The Indian rupee staged a significant comeback on Monday, climbing for a second consecutive session to reach its highest level in five weeks. This resurgence is driven by a combination of easing geopolitical tensions in the Middle East and a substantial drop in global crude oil prices.

Geopolitical Relief and the Oil Factor

The primary catalyst for the rupee's strength was the dramatic plunge in Brent crude prices, which dropped by more than 5% to approximately $83 per barrel. This downward movement follows a preliminary agreement between the U.S. and Iran aimed at ending their conflict and reopening the vital Strait of Hormuz.

For an economy like India, which imports nearly 90% of its total oil requirements, lower energy costs are a massive relief. The reduction in oil prices helps narrow the trade deficit and eases inflationary pressures, providing a much-needed cushion for the domestic currency.

Currency Performance and RBI Interventions

On Monday, the rupee ended the session 0.4% higher, closing at 94.71 against the U.S. dollar, compared to the previous close of 95.11. During intraday trading, the local currency even touched a high of 94.4625. This rally has helped narrow the rupee's year-to-date decline to 5.6%, recovering from a record low of nearly 97 per dollar seen last month.

Market analysts attribute this stability to the Reserve Bank of India's (RBI) proactive stance. On June 5, the central bank maintained its "neutral" stance and refrained from moving on interest rates, a move designed to attract dollar inflows into the Indian economy. These measures have shifted the outlook for India's balance of payments; economists have upgraded their forecasts from a projected large deficit to a potential small surplus.

Outlook: Will the Rally Continue?

While the sentiment is bullish, market experts suggest caution regarding a sustained one-way rally. Victor Roy, head of treasury at CTBC Bank, noted that while the end of war-related tensions is positive, the currency could see a target move toward the 93.25 level in the near term.

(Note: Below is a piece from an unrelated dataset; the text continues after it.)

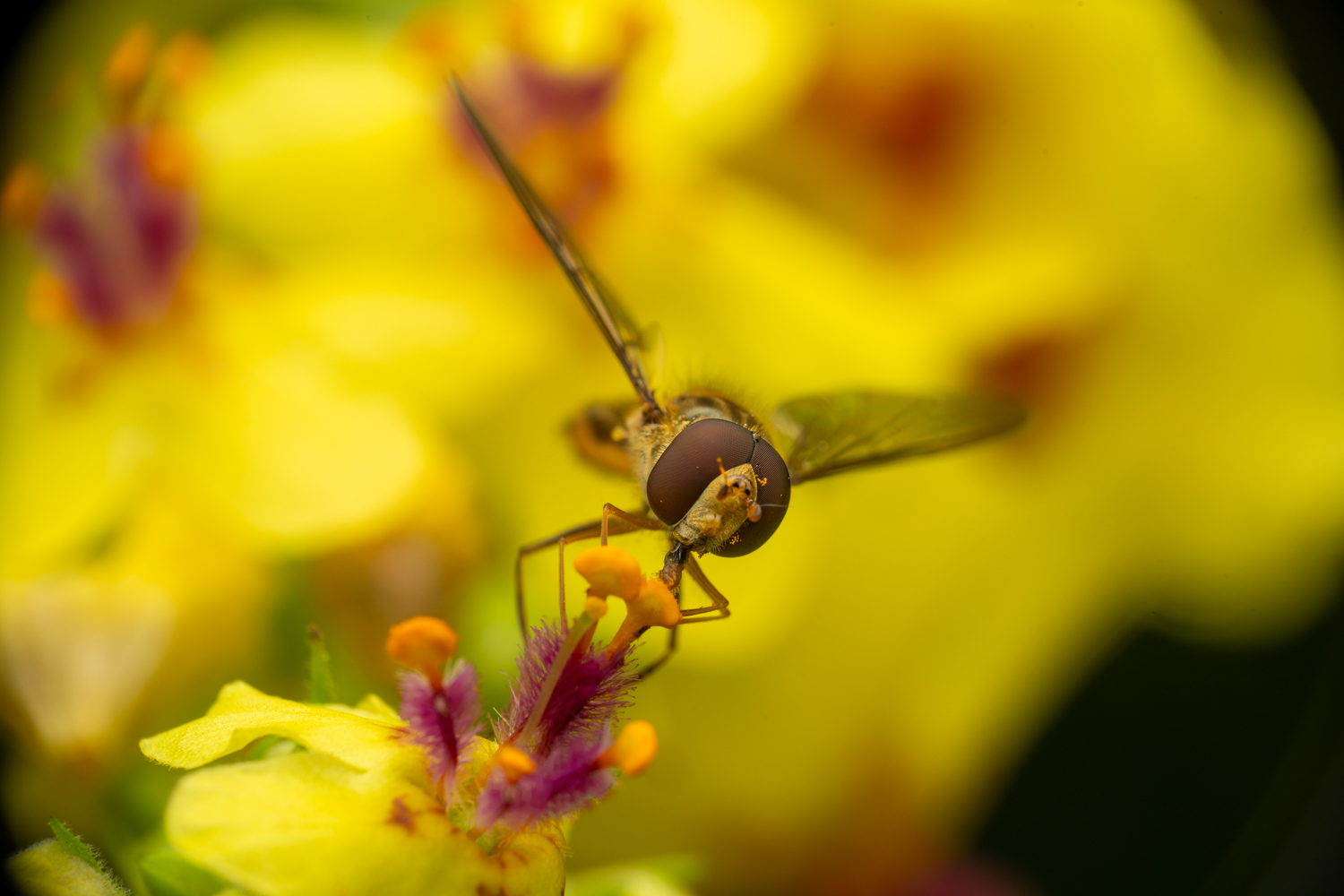 marmalade hoverfly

The ultimate trajectory of the rupee will likely depend on the RBI’s management of its foreign exchange reserves. The central bank has been aggressively defending the rupee, with its short dollar positions in the FX market ballooning to a record $104 billion in March. Traders expect the RBI may use this period of rupee strength to pare its large FX forward book, which could moderate the pace of the currency's appreciation.